アロットクリエイト代表取締役社長 田子英城氏(写真右)
1978年埼玉・戸田生まれ。2002年8月、地元・戸田に「Cafe&DINING SUN」をオープンし創業。以降、埼玉県で飲食店を展開。現在は社長を引退し、親会社アロットクリエイトの代表として、ロットを含め5の子会社の支援を行っている。
ロット代表取締役社長 山崎将志氏(写真左)
1982年愛知県生まれ。ロットはアルバイトからスタートし、2017年1月には店長から社長に抜擢される。

全店休業を決断するものの、再開時は流れを戻すのに苦労

田子:バイタリティの岩田さんとは親しくしていて、バトンを受け取ったのは私ですが、ロットの経営の舵取りをしているのは山崎。
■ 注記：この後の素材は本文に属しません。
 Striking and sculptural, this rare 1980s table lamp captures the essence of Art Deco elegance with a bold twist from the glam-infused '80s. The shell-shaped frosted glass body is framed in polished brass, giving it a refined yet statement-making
私は後方支援に徹していますので、会社としての動きは山崎に話してもらいましょうか。

山崎:そうですね。3月に入り、例年と違って宴会予約がほとんど入らないことから新型コロナの影響を感じ始めました。特に3月の最終週の売上は散々でしたね……。そこで当社は4月8日から全店舗で休業を選択しました。緊急事態宣言という未曾有の事態でしたし、スタッフには大学生アルバイトも多く、親御さんが心配しているという声もあったからです。

ただ、これについては少し後悔もあって。もちろん休業に意義はあったかもしれませんが、この企画で前回登場した岩田社長が、インタビューで「店は一度休業すると元に戻すのに時間がかかる」とおっしゃっているのを読んで、その通りだと思いました。店はいったん閉めてしまうと流れが止まる。当社でも営業を再開したとき、それまでのペースを取り戻すのに苦労しましたね。アルバイトさんは休みにして社員だけで運営するなど手段はあったかな、とも思います。

休業中に始めたベーカリーが大ヒット、「日本一元気なパン屋」を目指す

山崎:一方、コロナショックの中で通常営業は休止しましたが、戸田公園駅前のイタリアン「RISA!RISA!(リサリサ)」のでベーカリー営業を始めました。田子とつながりのあったグリーンルーム(埼玉県本庄市)が運営するベーカリー、「Bakerys Kitchen ohana(オハナ)」のパンをテイクアウトで販売。これがヒットし、多い日は1日40万~50万円を売り上げました。もちろん売上が立ったことは助かりましたが、それ以上に、お年寄りや子どもなど普段の「RISA!RISA!」の営業ではリーチできない人も触れ合うことができたのは収穫でしたね。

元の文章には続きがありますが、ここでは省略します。